The code: (for some reason isn't showing up - I have tried editing a few times)
<CFSETTING requesttimeout="6000" >
<CFSET private.thisExecution = "Test1" >
<CFSET private.thisFile = "testfile1.xlsx" >
<CFOUTPUT>#private.thisExecution#: #private.thisFile#: #private.dataType#</CFOUTPUT>
<CFLOG text="#private.thisExecution#: Start: Reading File #private.thisFile#" >
<CFSPREADSHEET action="read" src="#expandpath('#private.thisFile#')#" sheet="2" query="getData" headerrow="1" excludeheaderrow="true" >
<CFLOG text="#private.thisExecution#: End: Reading File #private.thisFile#" >
<CFLOG text="#private.thisExecution#: Sleep: 5 seconds" >
<CFSCRIPT>sleep(5000);</CFSCRIPT>
<CFLOG text="#private.thisExecution#: Start: Dump getData" >
<CFDUMP var="#getData#" >
<CFLOG text="#private.thisExecution#: End Dump getData" >
Picture of the code: (since I can't get it to output in this forum)
The log output:
"Information","ajp-bio-8014-exec-104","12/14/18","13:04:47",,"Test1: Start: Reading File ABC SUPPLY ROOFING.xlsx"
"Information","ajp-bio-8014-exec-87","12/14/18","13:04:48",,"Test2: Start: Reading File ALSIDE SUPPLY ROOFING.xlsx"
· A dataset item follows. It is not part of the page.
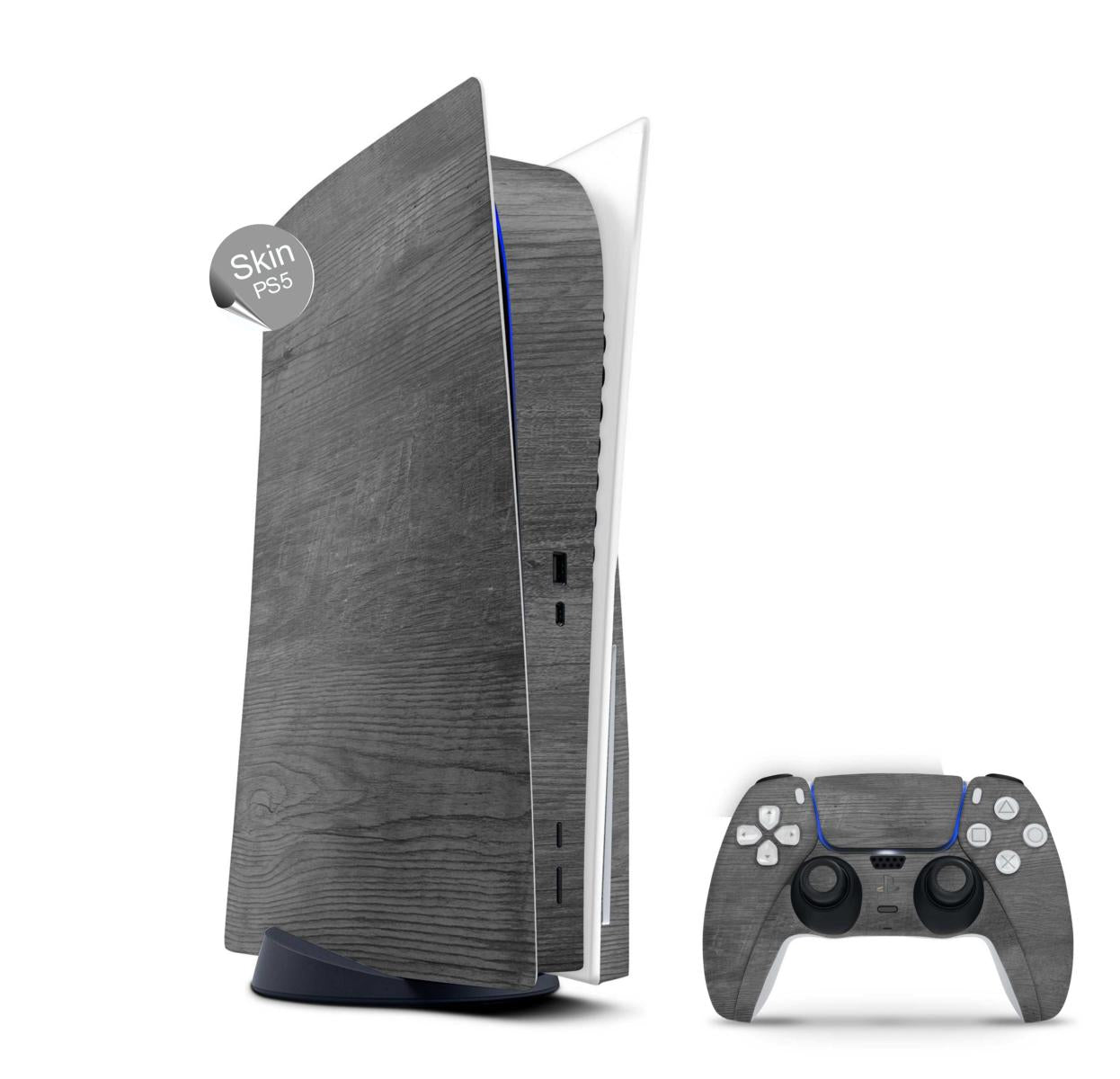 PS5 Skin Design Aufkleber Vinyl Folie Premium Skins mit PS5 Controller Black Woodgrain Aufkleber Skins4u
"Information","ajp-bio-8014-exec-104","12/14/18","13:04:58",,"Test1: End: Reading File ABC SUPPLY ROOFING.xlsx"
"Information","ajp-bio-8014-exec-104","12/14/18","13:04:58",,"Test1: Sleep: 5 seconds"
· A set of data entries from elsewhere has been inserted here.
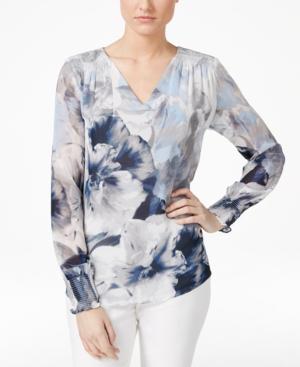 Calvin Klein Floral-print Peasant Blouse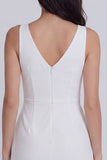 Ivory V-Neck Twist Front Bodycon Mini Dress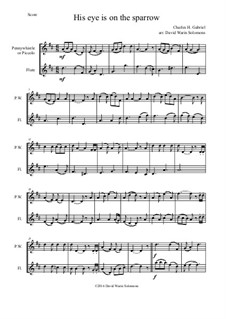 6 simple duets based on hymns: His eye is on the sparrow, for penny whistle (or piccolo) and flute by folklore, Charles Hutchinson Gabriel, Phoebe Palmer Knapp, John Bacchus Dykes, Eugene Bartlett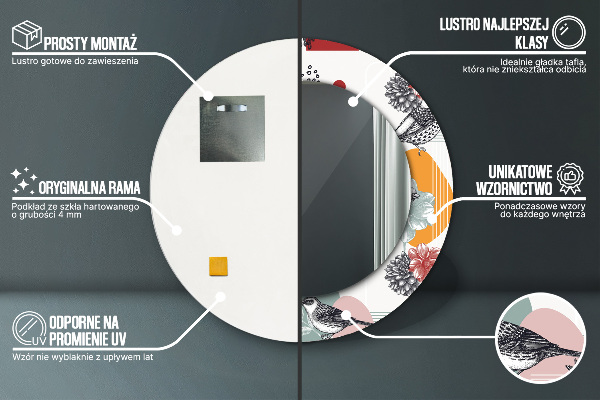 Okrasno ogledalo Abstrakcija s pticami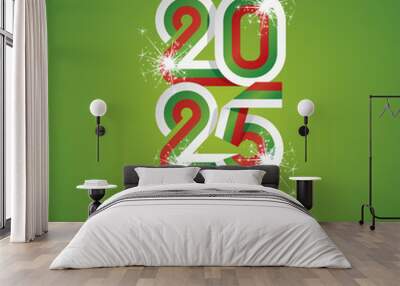 2025 New Year continuous Bulgaria ribbon. Abstract white green red flag of Bulgaria in the shape of 2025 logo with sparkle firework. New Year concept greeting card Wall mural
"Information","ajp-bio-8014-exec-104","12/14/18","13:05:03",,"Test1: Start: Dump getData"
"Information","ajp-bio-8014-exec-104","12/14/18","13:05:45",,"Test1: End: Dump getData"
"Information","ajp-bio-8014-exec-87","12/14/18","13:05:52",,"Test2: End: Reading File ALSIDE SUPPLY ROOFING.xlsx"
"Information","ajp-bio-8014-exec-87","12/14/18","13:05:52",,"Test2: Sleep: 5 seconds"
"Information","ajp-bio-8014-exec-87","12/14/18","13:05:57",,"Test2: Start: Dump getData"
"Information","ajp-bio-8014-exec-87","12/14/18","13:06:13",,"Test2: End: Dump getData"
They both start reading the files at around the same time. But script 2 waits until script 1 has finished working with the spreadsheet before it continues.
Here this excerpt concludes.